RELIEF-GIVING is not new to many Filipinos especially during the onslaught of typhoons and floods. Many find this normal since people are stranded in their own homes as extreme weather conditions and inundations forbids them from going to work or attending to their businesses, big or small.
Usually, those in the marginalized communities are given relief-goods comprised of some kilos of rice, canned goods, coffee and sugar. In its true essence, relief-giving is like giving first-aid to someone in need during abnormal situations. It is called relief because it is a mere temporary solution to a temporary problem.

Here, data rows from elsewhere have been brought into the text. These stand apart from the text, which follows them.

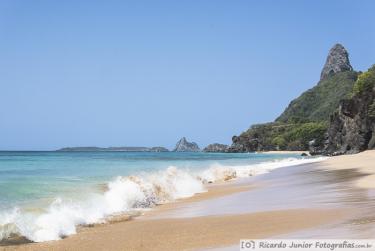 Photo de Praia da Cacimba do Padre, à Fernando de Noronha, PE – Crédit photo : © Ricardo Junior Fotografias.com.br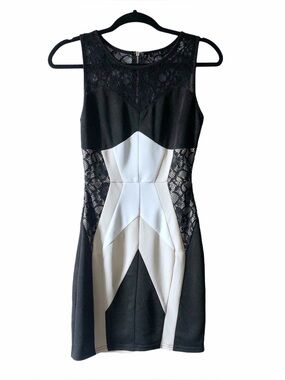 Alt. B Bodycon Lace Cocktail Mini Dress Size Small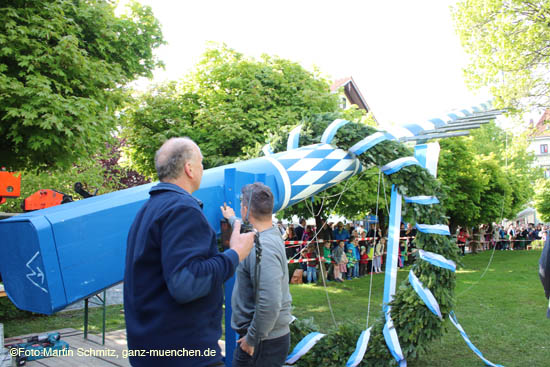 Maibaum aufstellen 2017 in Perlach (Foto: Martin Schmitz)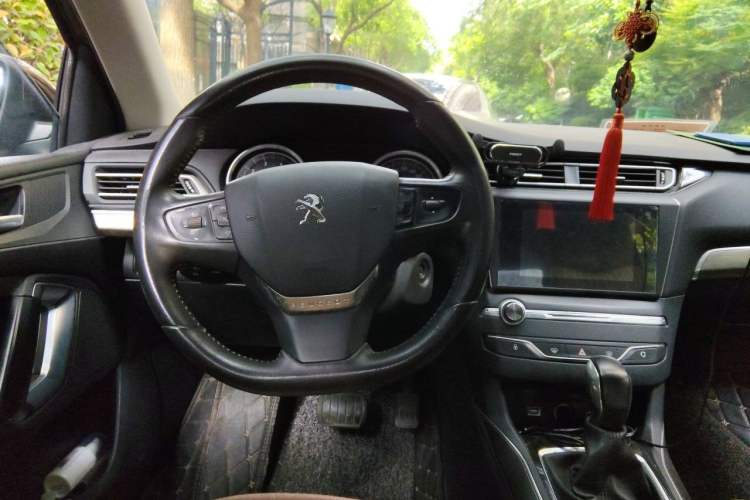 Used Peugeot 408 2014 1.8L Automatic Luxury Edition Steering Wheel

Relief-giving or the giving of “relip” is prevalent these days as many workers cannot report to work, render services or sell their products due to Enhanced Community Quarantine (ECQ) now being implemented by the government. In others words, there is no means to earn a living for many.

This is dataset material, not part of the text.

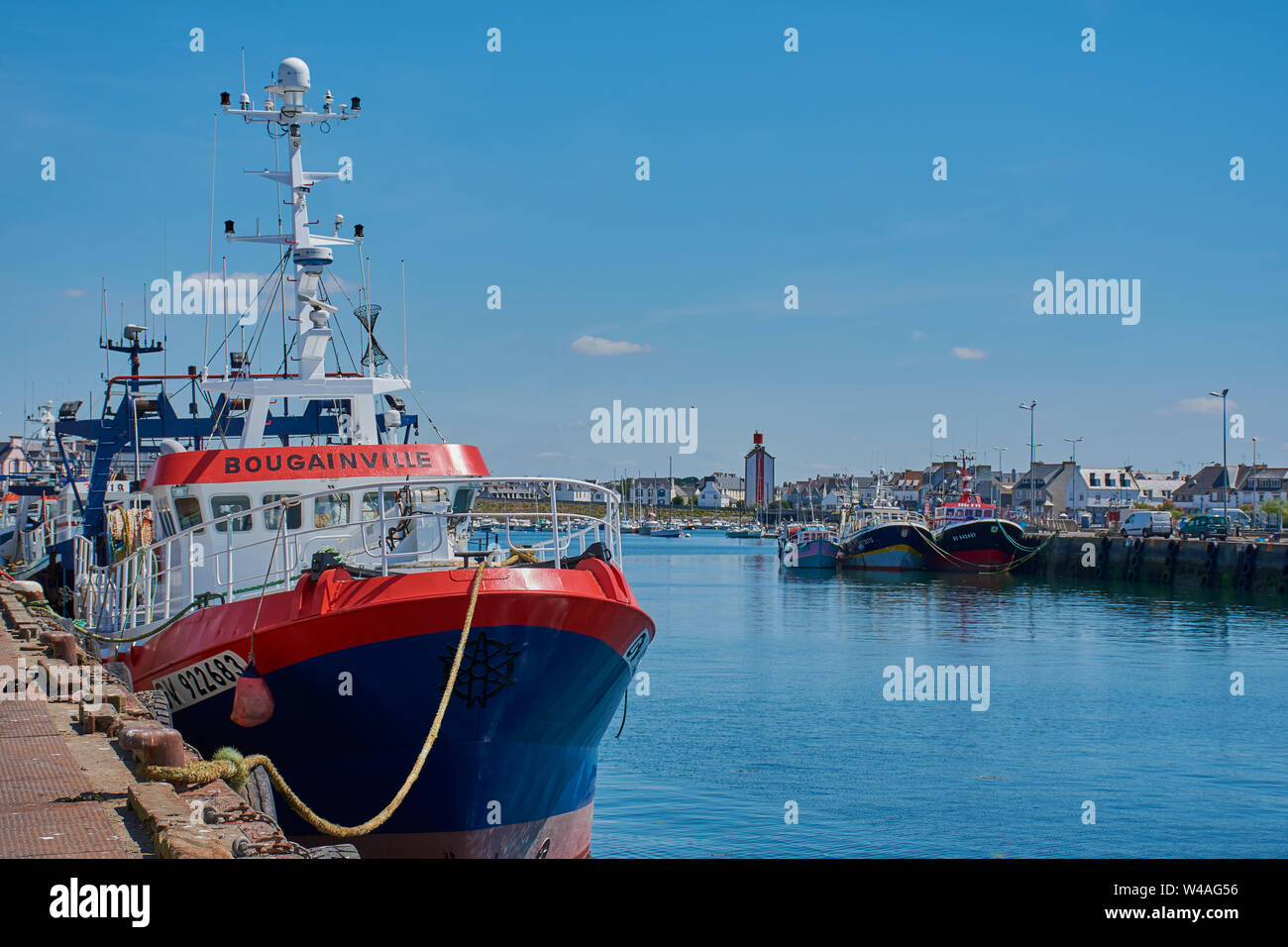 Guilvinec, Bretagne, Frankreich - Juli 08, 2019: Fischerboote im Hafen von Guilvinec. Stockfoto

Since many have no income, the government and some non-governmental organizations are “giving relief” to some communities to address the problem on food supply while the ECQ is in effect. The national government through the Department of Social Welfare and Development is now spearheading the distribution of food packs to those in need.
Local government units are likewise doing the same, doling-out repacked rice, sardines, sugar and other consumable products. Some private organizations or associations are likewise doing the same.
There are time when relief goods are channeled to municipalities or barangay governments. This is where some intrigues and issues set in. Sadly, local government officials, particularly those in the barangay level, are the ones who are given the blame when some communities failed to receive goods or have receive insufficient amount.
While we are on an abnormal situation barangay captains and other barangay officials are in the limelight. There are some reports of them hoarding relief-goods while there are some who are accused of being “choosy” in their recipients. There are also cases of those people who were “politicized”. These are usually the non-supporters of the “kapitan” in the last election that they are skipped or are not given relief goods because of political differences.
Some barangay officials skip the giving of relief goods to the middle up to the wealthy class in their barangays and prioritize those who belong to the “poorest of the poor”. Some of the affluent meanwhile express their ire against barangay officials while saying that they too are residents of the barangay or voters of the “kapitan” that they too deserve to be given “relip”.
Such situation puts some officials in quandary since we really have no standard in giving “relip” and no qualification set as to those who are entitled to such or otherwise. Those who were given “relip” are happy while those who were not are not only sad but also mad to their barangay officials.
In these times, people should set aside such kind of issues. It’s really difficult being a barangay official sometimes.